Along with our reading in Proverbs 31-Ecclesiastes 2; Luke 14:1-11; Philemon 1-7 & Psalm 119:81-88, we have Proverbs 11. And verse one is deceptively profound. It begins a chapter with the theme of valuing – weighing things correctly. The essence of justice.

I’m Reid Ferguson, and justice is our focus today on Through the Word in 2020.

Over rating and under rating are both acts of deception. We easily over emphasize and add spin when we want things to be seen a certain way. Positively or negatively. Entire industries are built on it. Ad Agencies, Public Relations and even news outlets all want to tell their stories with their spin. Politics seems founded on it. Glorify your side, and demonize the other. No matter what. And then, more personally, fear of people and desire for being viewed a certain way can result in exaggerations and minimizations to suit the hour in our personal relations.

These false balances are an abomination to the Lord.

But we need to get to the bottom of how to understand true justice. And it begins by understanding this: Justice and even-handedness are attributes of God mankind is meant to display.

In John 10:34 where Jesus cites Ps. 82 He notes that the Law says “you are gods” in the context of Israel’s leadership having perverted justice while being the recipients of God’s Law. We are meant to be His vice-regents here. And nowhere is that more manifest than in judging right and wrong, based upon God’s own just nature communicated in the rights and wrongs He delineates. Whenever people pervert justice, we openly and graphically deny God. This is true for those apart from Christ – and especially true for those who own Him. Christians above all ought to be concerned with miscarriages of justice in our society – and even more within the Church.

Nowhere is this seen more powerfully than in the Cross. For Jesus’ crucifixion is as much a matter of justice as it is of grace. The two are married at Calvary.

When we are inequitable in our dealings with others, we violate His image drastically. But worse is when we preach a Cross which was not a place where God’s just wrath was poured out and justice satisfied. Then, we deny His just nature. And when we preach a Cross without forgiveness freely offered on the basis of it, we deny His mercy and grace too.
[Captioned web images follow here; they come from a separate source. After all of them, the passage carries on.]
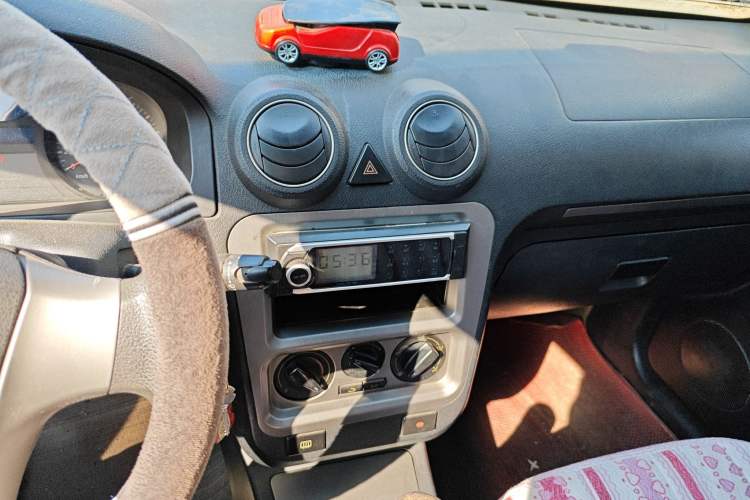 Used Geely Auto Liberty Ship 2012 1.3L Manual Fashion II
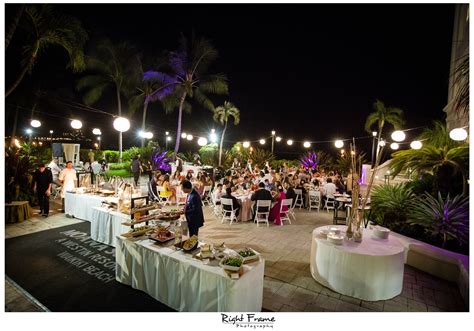 Beautiful Wedding at Moana Surfrider Hotel Waikiki | Right Frame ...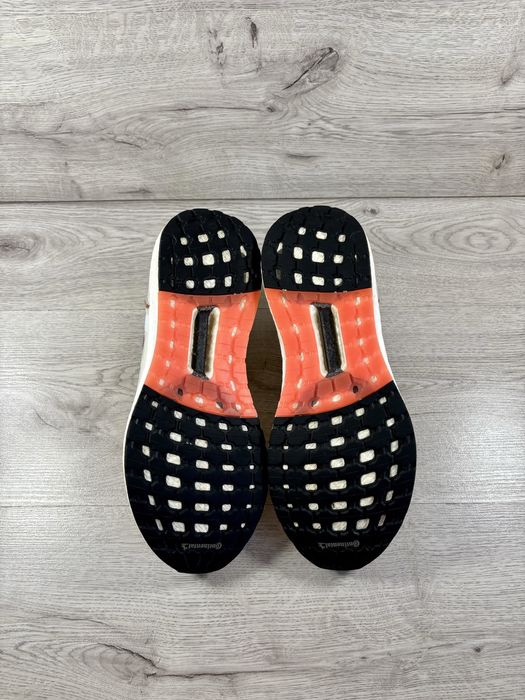 Adidas UltraBoost чоловічі кросівки 42.5 розмір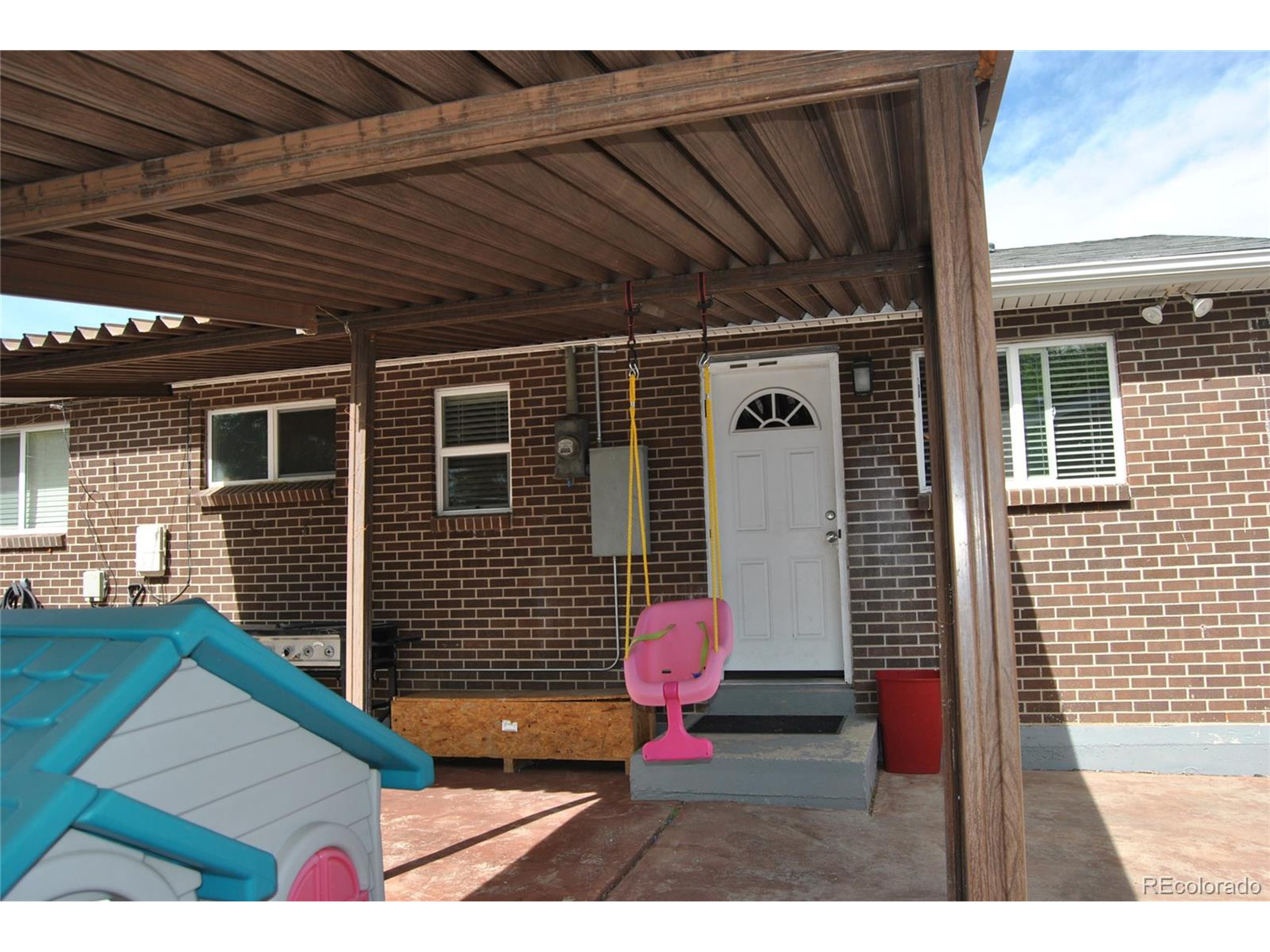 7260 Winona Ct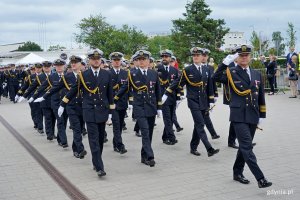 Żołnierze Marynarki Wojennej podczas przemarszu po nabrzeżu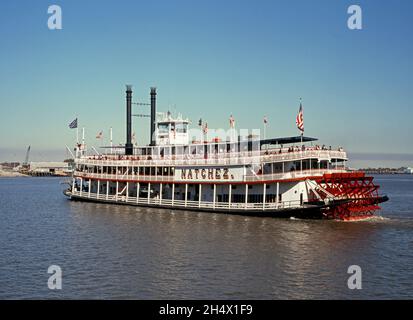 Das Dampfschiff Natchez segelt entlang des Mississippi River, New Orleans, Louisiana, USA. Stockfoto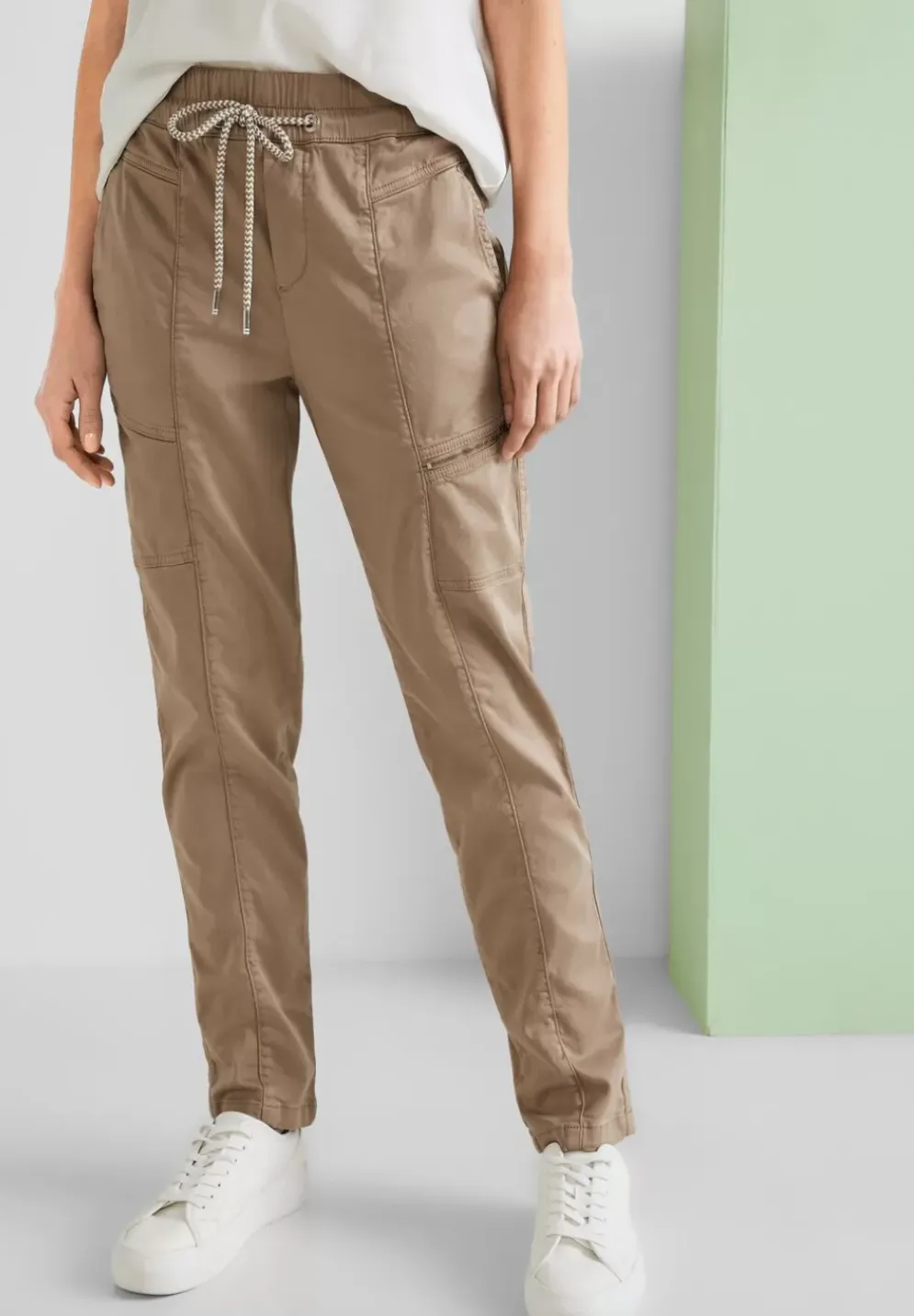 Loose Fit Hose Mit Stretch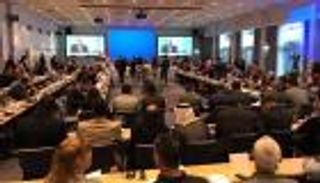 "وول ستريت": معارضون إيرانيون بالدنمارك يدعون إلى "انتفاضة" ضد طهران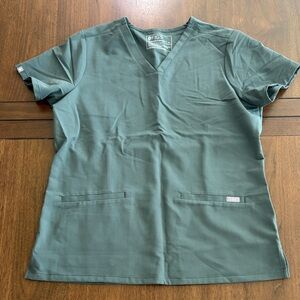 Figs Short Sleeve V-Neck Tee in Moss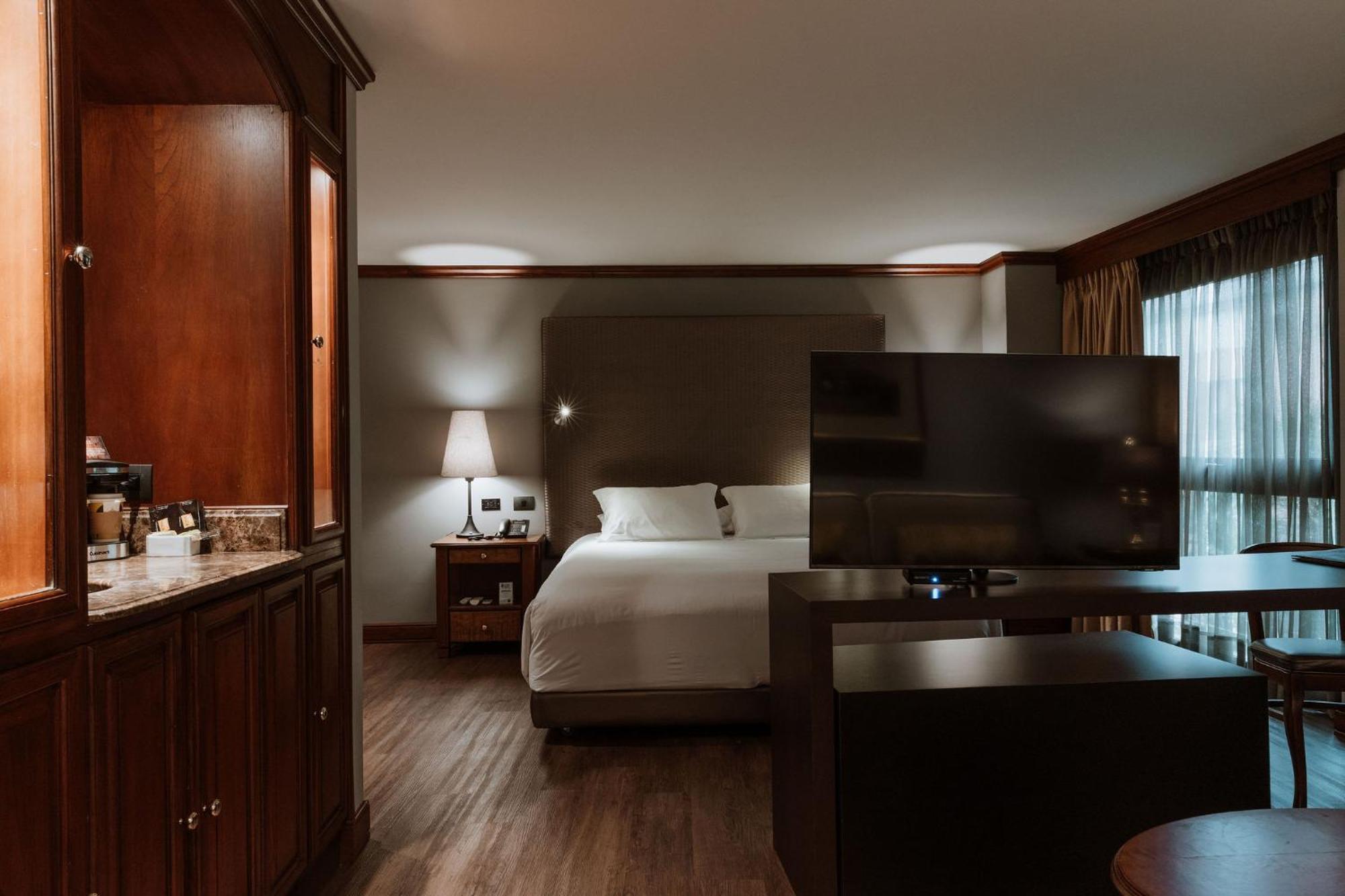 Hotel Park10 Μεντεγίν Εξωτερικό φωτογραφία A room at the hotel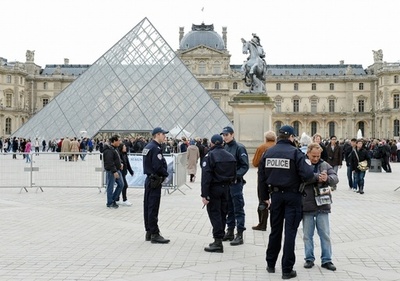 観光客ねらう犯罪増加、パリのイメージダウンに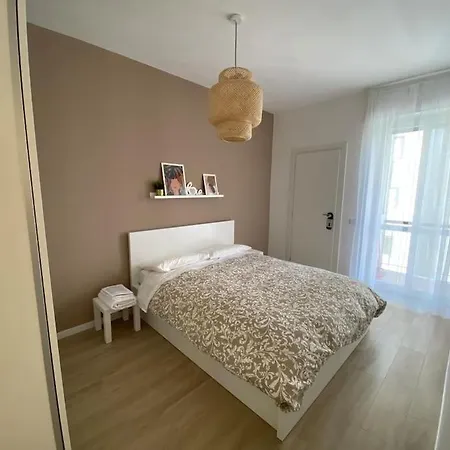 Apartment Renovated In The Center Of Milan
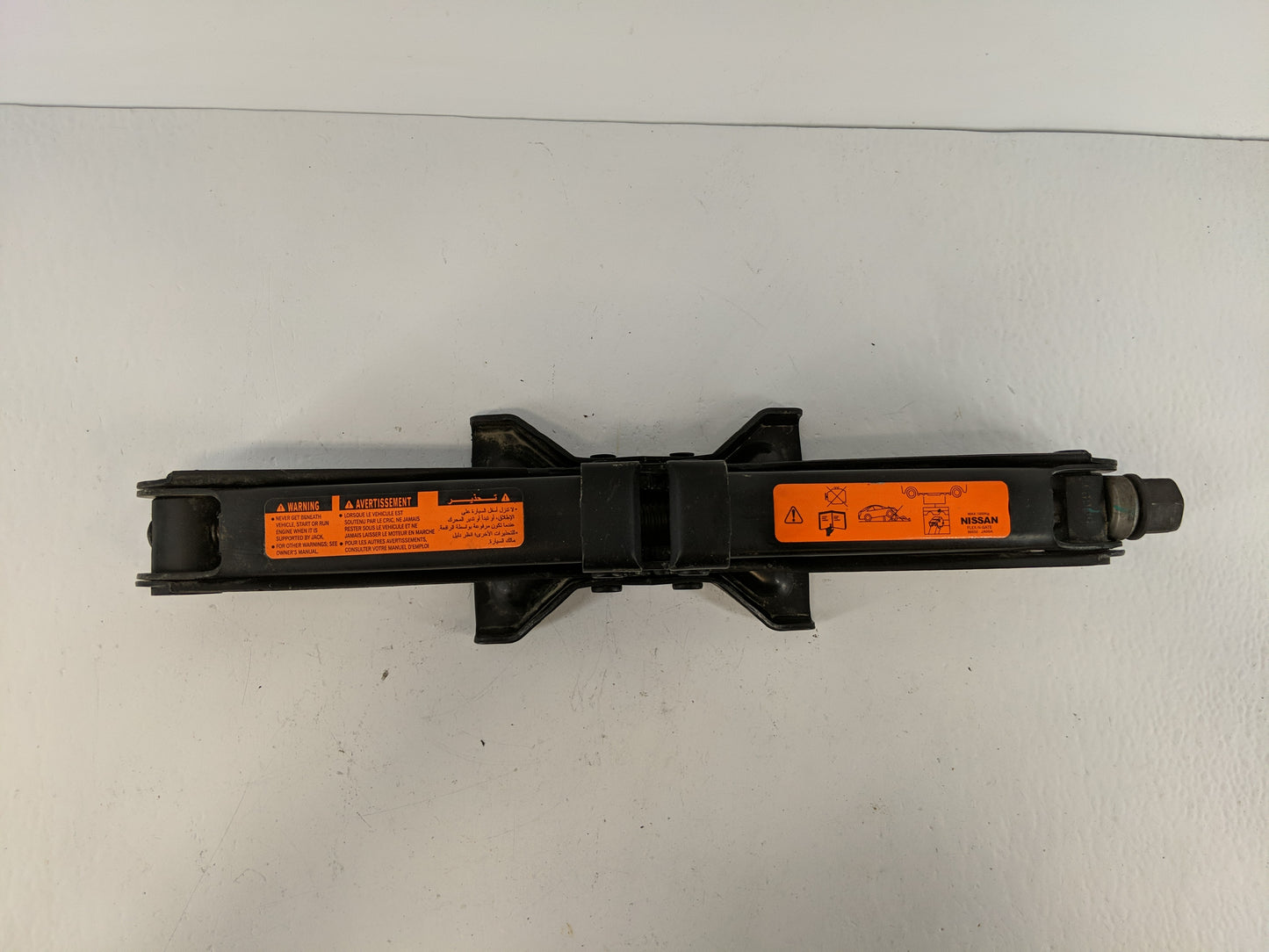 2015 Nissan Altima Spare Scissor Car Jack - Oemusedautoparts1.com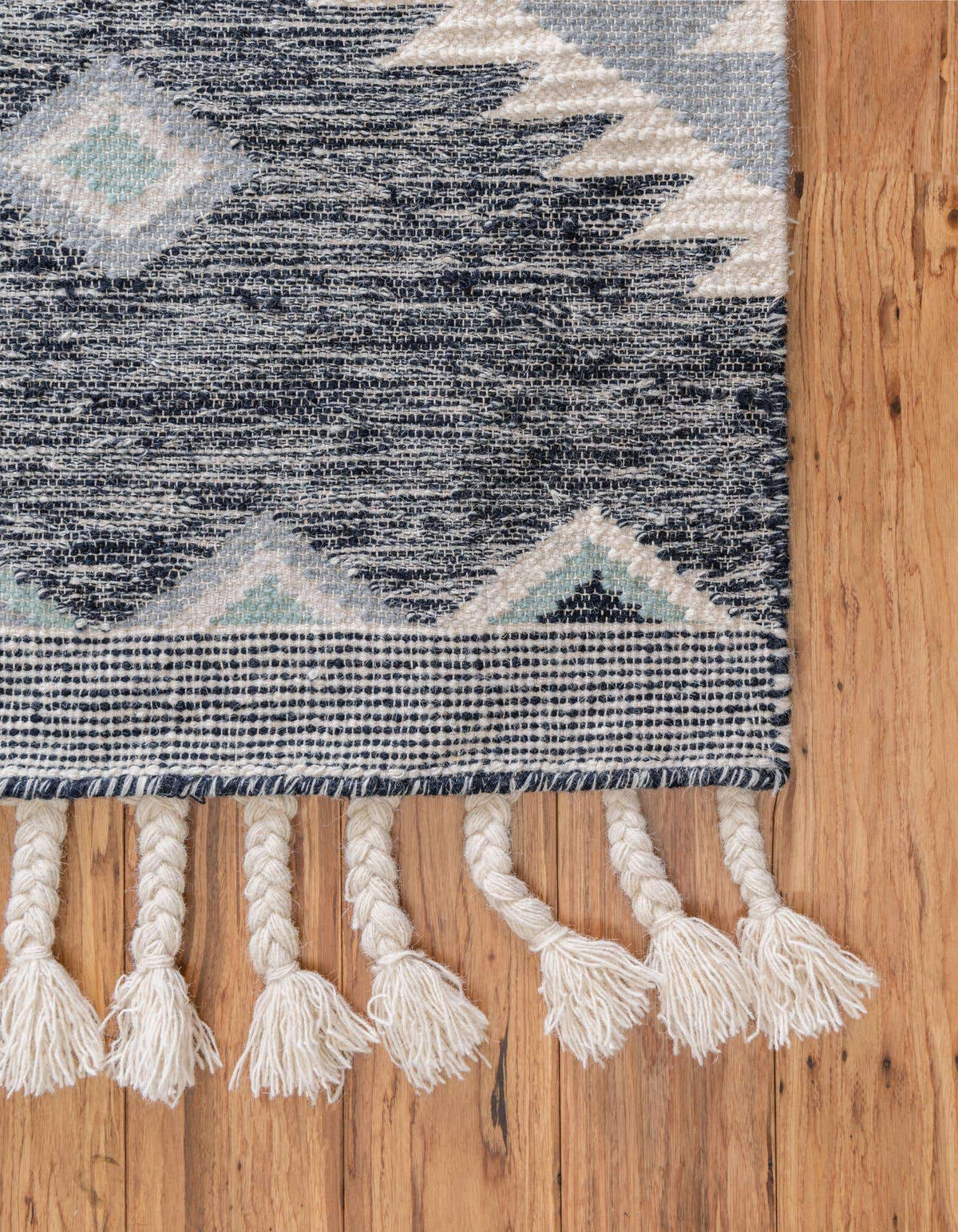 Rechteck Handgeflochten Teppich Arizona in Dunkelblau von Hadorn™ - Lifestyle Image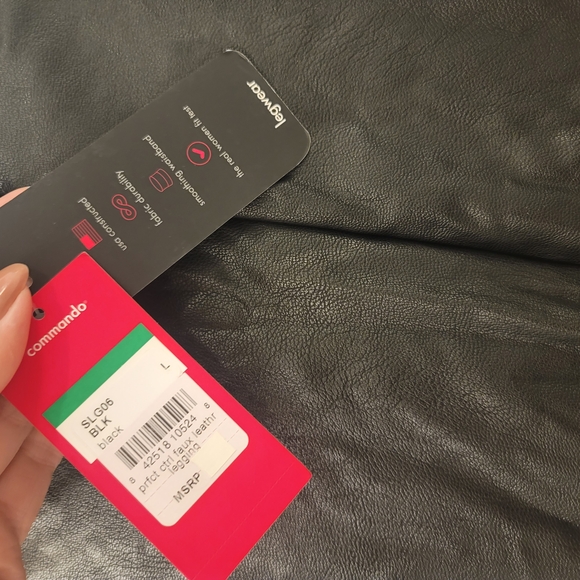 Women's Black High-Waisted Leggings - Picture 7 of 7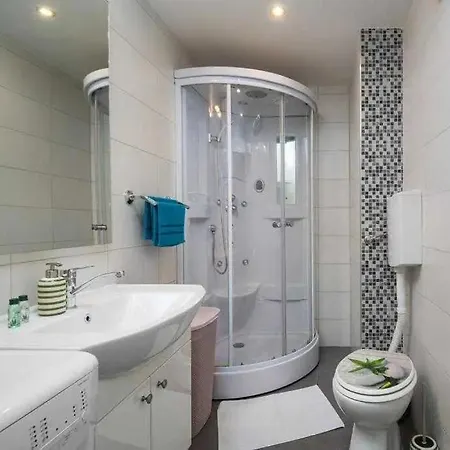 Apartament Wild Rose & *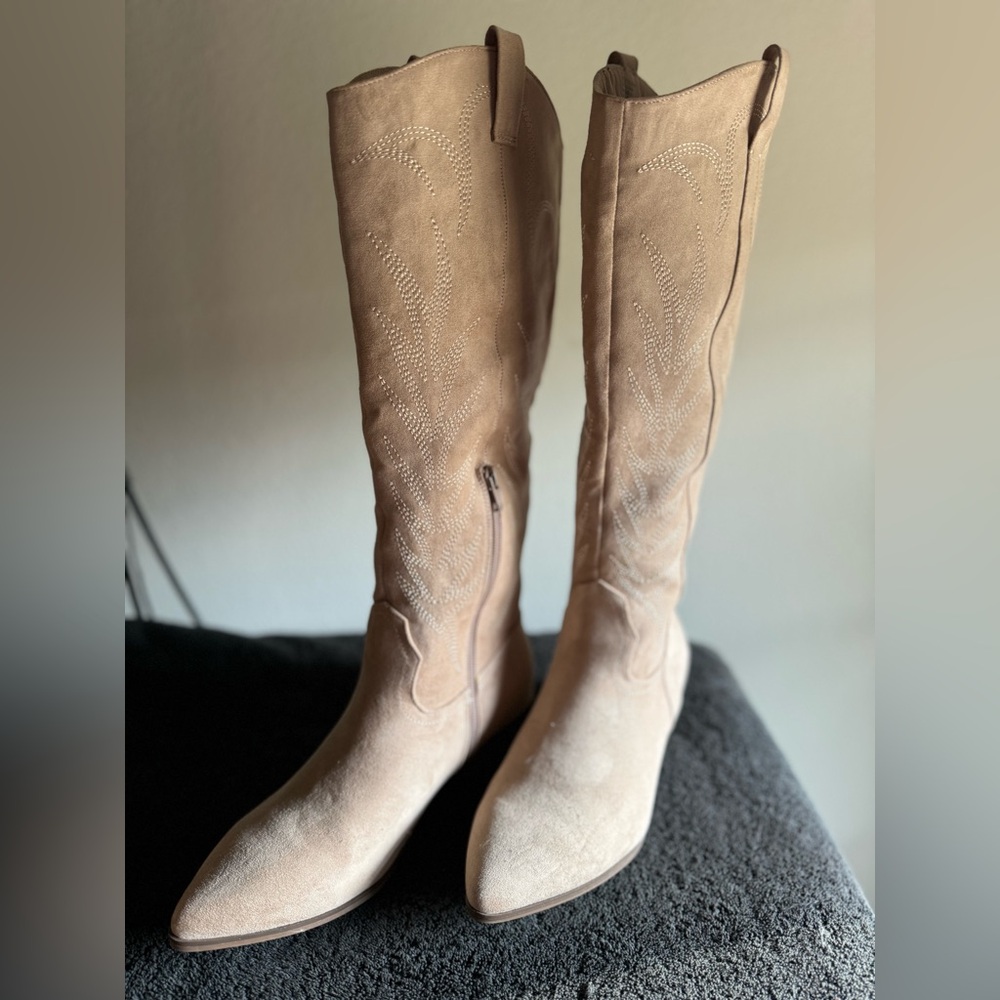 Light Khaki Western Style Boots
How cautious Christians ought to be in dealing with people justly, fairly and equitably. The Gospel is at stake. A false balance, not trading and dealing in equity with all, is an affront to who God is in His very nature. And how He delights for His children to make Him known to the world in how we deal with one another. Those who are sharp in their dealings – so that they want something for nothing – to gain unfairly over another, deny Him for our 30 pieces of silver.

Honor Christ by honoring the justice and grace of the Cross by being people of equity and a just balance.

Think on that today beloved.

God willing, we’ll be back tomorrow.